Former First Lady Michelle Obama’s mother, Marian Robinson, died on Friday at the age of 86, her family said in a statement.
“She passed away peacefully this morning, and now none of us are quite sure how to survive without her.” The Obama family.
Robinson was a constant presence in the White House throughout President Barack Obama’s eight-year term.
During Obama’s 2008 presidential campaign, Robinson left her job as a bank executive assistant to help look after his granddaughters, Malia and Sasha, who were 10 and 7 at the time.
“She didn’t want anyone else to take care of her kids but herself,” Michelle Obama’s former spokeswoman Katie McCormick Lelyveld said in 2009. “She wanted to be there.”
Ms. Robinson’s move to the White House at 1600 Pennsylvania Avenue after President Obama’s inauguration was initially announced as a temporary stay “to help her daughters adjust” and “to determine whether Ms. Robinson wanted to remain in Washington permanently.”
“I was worried about my grandchildren,” Robinson said in 2018. Interview with CBS“That’s what prompted me to move to Washington, D.C.”
The “first grandmother” tried to give her granddaughters a sense of normalcy, driving them to school in a Secret Service motorcade and welcoming them to the White House when they returned home.
Robinson is the host of the annual White House Easter Egg Roll Or when trick-or-treating kids gather in the White House driveway on Halloween.

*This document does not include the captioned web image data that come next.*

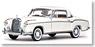 1958年 メルセデス ベンツ 220SE (アイボリー)  (ミニカー)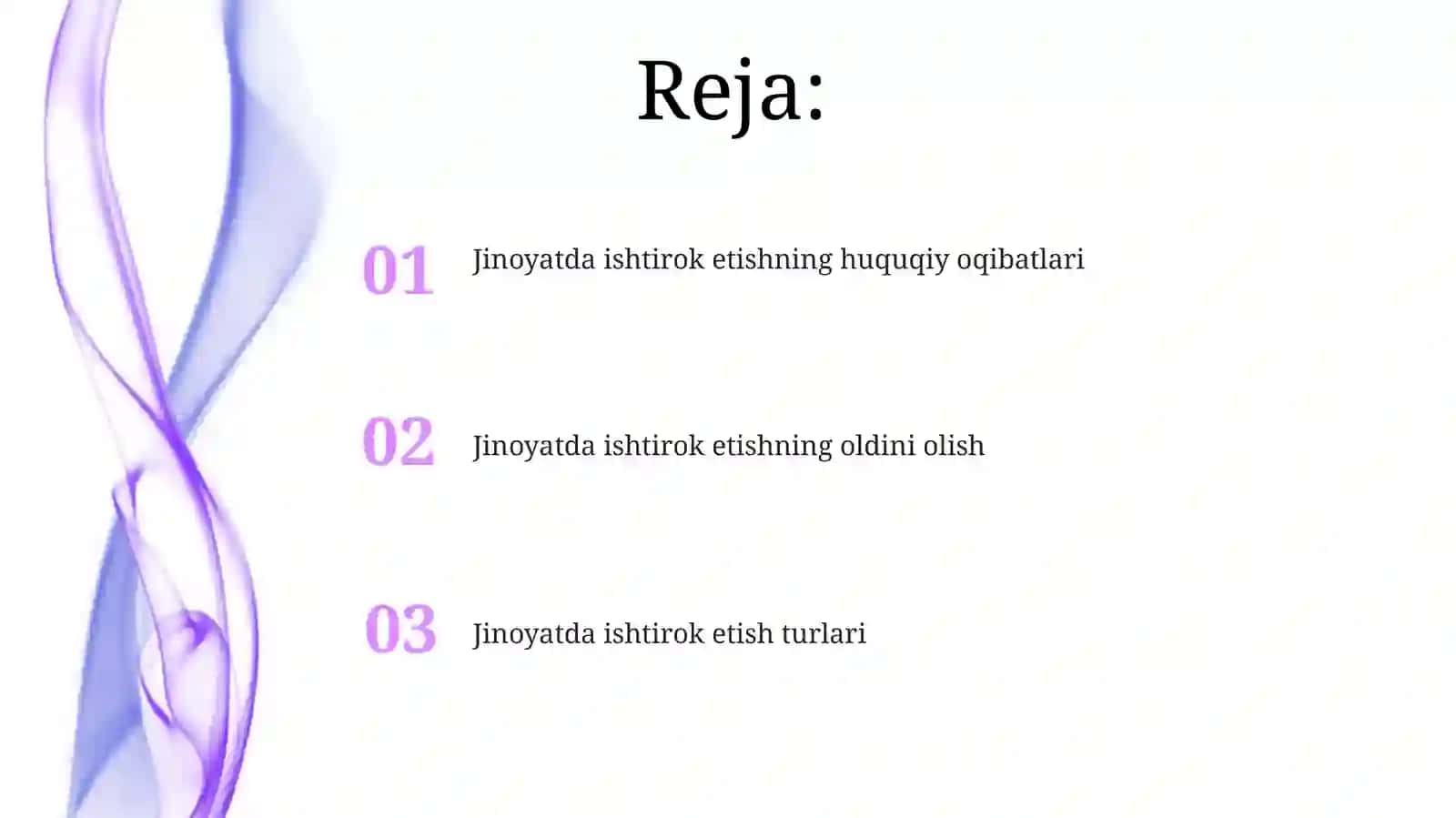 Jinoyatda ishtirokchilik 2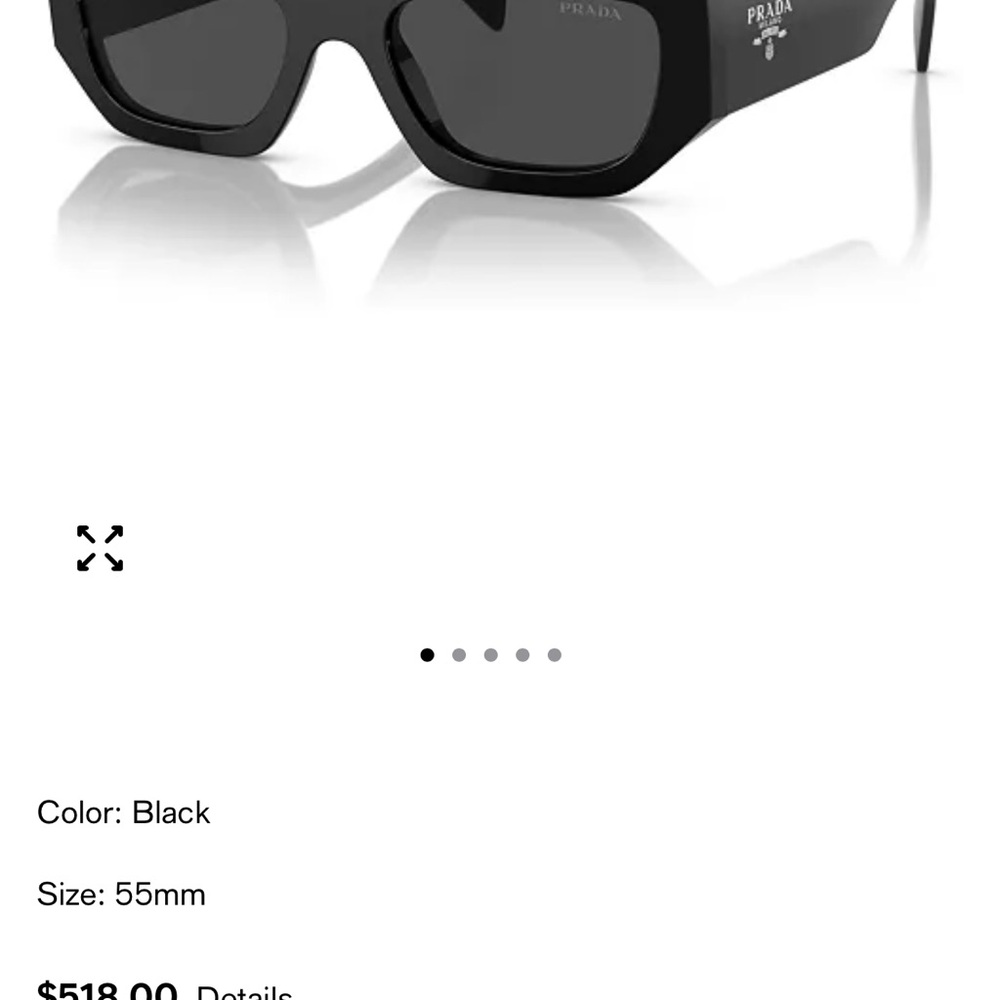 Prada Black Angular Cat-Eye Sunglasses - image 2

She occasionally accompanied the Obamas on overseas trips but mostly kept a low profile.
“The glitz and glamour of the White House was never a good fit for Marian Robinson,” the Obama family statement said, noting that she insisted on doing her own laundry. “‘Just show me how to use the washing machine and I’ll be fine,’ she would say.”
Of the hundreds of celebrities invited to the White House, the only one she “went out of her way to meet” was Pope Francis, during his visit in September 2015.
“She preferred to spend her time upstairs watching TV rather than mingling with Oscar winners and Nobel Prize winners,” the Obamas said.
Before moving into the Presidential residence, Robinson was a widow and a lifelong resident of Chicago.
She returned to the Windy City at the end of her son-in-law’s second term and spent her days “reconnecting with longtime friends, sharing jokes, traveling, and enjoying good wine.”
“We will all miss her greatly and wish she were here to give us some perspective and heal our heavy hearts with her laughter and wisdom,” the family statement read.
“Even in our grief, we are inspired by the incredible gift of her life,” the statement added. “We will spend the rest of our lives striving to follow her example.”